**YOUR INSTRUCTIONS:**
Set down the data below in full, exactly as it reads, but without the pictures.

**RAW DATA:**
= = =
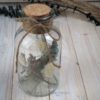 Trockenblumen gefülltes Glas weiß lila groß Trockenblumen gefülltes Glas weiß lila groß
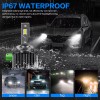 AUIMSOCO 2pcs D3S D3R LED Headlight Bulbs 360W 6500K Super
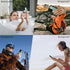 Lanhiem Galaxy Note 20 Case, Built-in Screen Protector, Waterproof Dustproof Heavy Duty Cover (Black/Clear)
= = =
**ANSWER SECTION:**
 Trockenblumen gefülltes Glas weiß lila groß Trockenblumen gefülltes Glas weiß lila groß
 AUIMSOCO 2pcs D3S D3R LED Headlight Bulbs 360W 6500K Super
 Lanhiem Galaxy Note 20 Case, Built-in Screen Protector, Waterproof Dustproof Heavy Duty Cover (Black/Clear)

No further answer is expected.